With this goal in mind, we have (1) trained classifiers that aim to correctly classify all arguments within the climate change discussion and (2) analyzed the distinct vocabulary of each argument. As mentioned earlier, exposure to conflicting viewpoints can boost deliberation (Suiter 2016).
We specifically focused on minority arguments in order to facilitate heterogeneous discussion. To illustrate the approach, we created a case study on the topic of climate change with posts from the comment platform of Dutch online newspaper NU.nl, NUjij.
We have created a dataset (n=3000) of comments derived from articles with the [klimaat] (climate) tag, including deleted comments. We annotated each comment for the specific argument it entails. The annotation scheme was constructed based on the vast literature on the climate change debate. The scheme includes a total of seven arguments, alongside a ‘non-argumentative/off-topic’ class. Due to the scarcity of the minority arguments, initial models underperformed. We therefore constructed an active learning approach with the goal of obtaining unlabeled data which includes relatively more minority viewpoints (Zhao 2006). The approach, based on the ‘query-by-committee’ method, assigns an uncertainty value to unlabeled comments and is trained on the BERT embeddings from the initial RobBERT model (Delobelle 2020). In total, we filtered out two waves of 1000 comments each based on 20,000 unseen climate comments. These uncertain posts were subsequently labelled by an annotator and added to the training data. This procedure not only significantly boosted the presence of minority climate change arguments in our dataset, but improved the macro F1-scores of our classifiers on the validation data.

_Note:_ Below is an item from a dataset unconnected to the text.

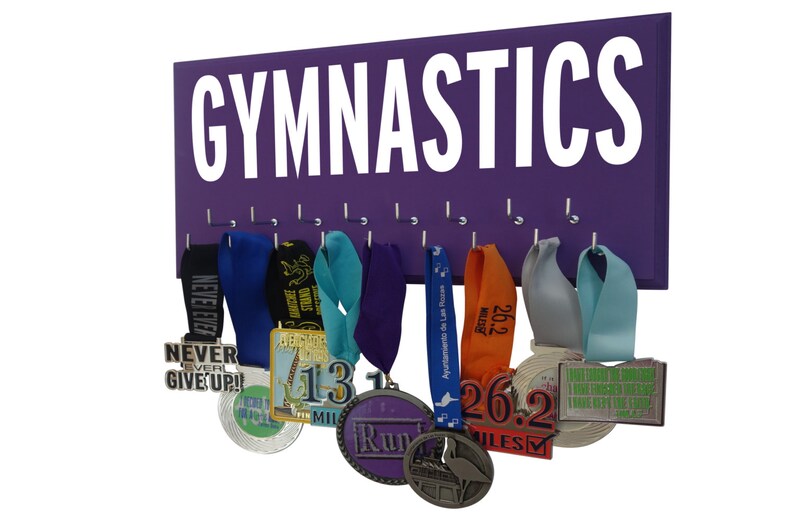 Gymnastics Awards Holder Ribbons Hanger Medal Display Rack Etsy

Our second goal was to analyze what sets each argument apart from the others. We compared each argumentative subcorpus to the other arguments by extracting all patterns and differentiating them using log-likelihood (Rayson 2010). We find that each argument can be characterized by repeated patterns that are not as represented in other subcorpora. These vocabularies can be used as summary of and entry-point into the nuanced minority arguments that make up the climate change debate on online platforms.
By tagging argumentative messages and presenting unique vocabulary, we aim to boost mutual understanding in the climate change debate. Moderators can present all arguments within a discussion and incentivize differing opinions to interact and discuss viewpoints. Furthermore, moderators can connect those who reject mainstream viewpoints with accessible, well-argumented content.